Do wypowiadania klauzul wezwali rezydenci, kończąc w październiku niespełna miesięczny protest głodowy. Apel do lekarzy o ograniczanie czasu pracy wystosowały także izby lekarskie. Należy do nich obowiązkowo każdy lekarz.

Według danych MZ z 1 grudnia br., klauzulę opt-out wypowiedziało 2310 lekarzy. Rezydenci podają inną liczbę – ok. 2,8 tys. osób, jednak zaznaczają, że uwzględnia ona także tych, którzy zadeklarowali, że 1 stycznia nie podpiszą powtórnie klauzuli.

Klauzula opt-out to odrębna umowa, z miesięcznym terminem wypowiedzenia, na mocy której lekarz zgadza się na wydłużenie czasu pracy powyżej 48 godzin tygodniowo. Dzięki temu szpitale mogą zapewnić całodobową opiekę lekarską nad pacjentami, wyznaczając m.in. grafik dyżurów lekarskich.

"To jest z jednej strony chęć lekarzy, żeby pracować bardziej normalnie. To jest zgodne z prawem i każdy powinien swoje siły oceniać według swoich możliwości i nie można pod żadnym pozorem nikogo zmusić do tego, żeby pracował znacznie więcej, bo to się czasami zdarza i w cale to nie jest takie dobre, nie tylko dla pracowników, ale także dla podopiecznych. To jest jeden punkt widzenia" - mówił we wtorek w Polsat News minister zdrowia Konstanty Radziwiłł.

"Drugi - to, że się to odbywa nie tyle w ramach poszukiwania czy oceny własnych możliwości lekarzy, którzy decydują się na wypowiedzenie możliwości dłuższej pracy, tylko to jest jakiś rodzaj zorganizowanej akcji, i to oceniam bardzo krytycznie. Bo - nie mam wątpliwości - cała ta akcja nie wiele ma wspólnego z oceną własnych możliwości lekarzy.

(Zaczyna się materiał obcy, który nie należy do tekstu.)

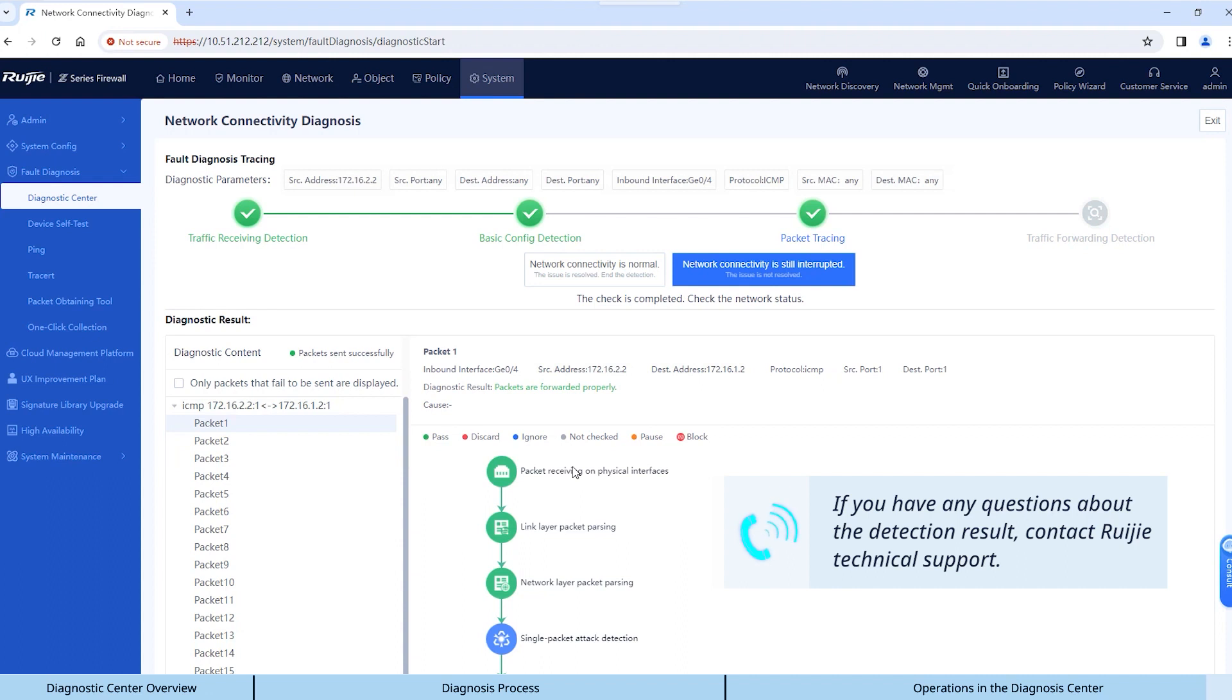If you have any questions about the detection result, contact Wejia Technical Support.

Po prostu chodzi w niej o to, żeby skomplikować funkcjonowanie szpitali i w niektórych pewnie będzie trzeba dokonać jakichś zmian organizacyjnych" - dodał.

Jak mówił, należy "tę sprawę widzieć w dwóch wymiarach". "Jeżeli ktoś nie czuje się na siłach pracować, to granicą powinna być zawsze granica zdrowego rozsądku i nie powinno się tej pracy podejmować w takich warunkach nadzwyczajnego zmęczenia, bo można zaszkodzić pacjentom. Natomiast wezwania do tego są absolutnie nie na miejscu i uważam, że zwłaszcza wtedy, kiedy ci, którzy są odpowiedzialni za pieczę nad należytym wykonywaniem zawodu, a tak jest z samorządem lekarskim, nie powinni do takich masowych wezwań się posuwać" - powiedział Radziwiłł.

"To może w poważny sposób zaburzyć jakość opieki nad pacjentem" - dodał.

Radziwiłł pytany był także o wpis w nocy z poniedziałku na wtorek na Twitterze premier Beaty Szydło. "Bez względu na wszystko najważniejsza jest Polska. Dbająca o rodzinę i wartości, bezpieczna. Wyrosła na fundamencie chrześcijańskim, tolerancyjna i otwarta. Nowoczesna i ambitna. To mój kraj. Przykład dla Europy i świata. Tacy jesteśmy Polacy - napisała premier.

"Moim zdaniem to jest kwintesencja najważniejszych rzeczy, o których warto sobie od czasu do czasu przypomnieć. To jest dowód na to, że obecny rząd trzyma się pewnych zasad, że my nie tylko rozwiązujemy codzienne problemy, ale widzimy to w pewnym porządku. To jest niesłychanie ważne, żeby robiąc coś widzieć tą perspektywę dalszą, horyzont. To jest przykład tego myślenia" - ocenił Radziwiłł.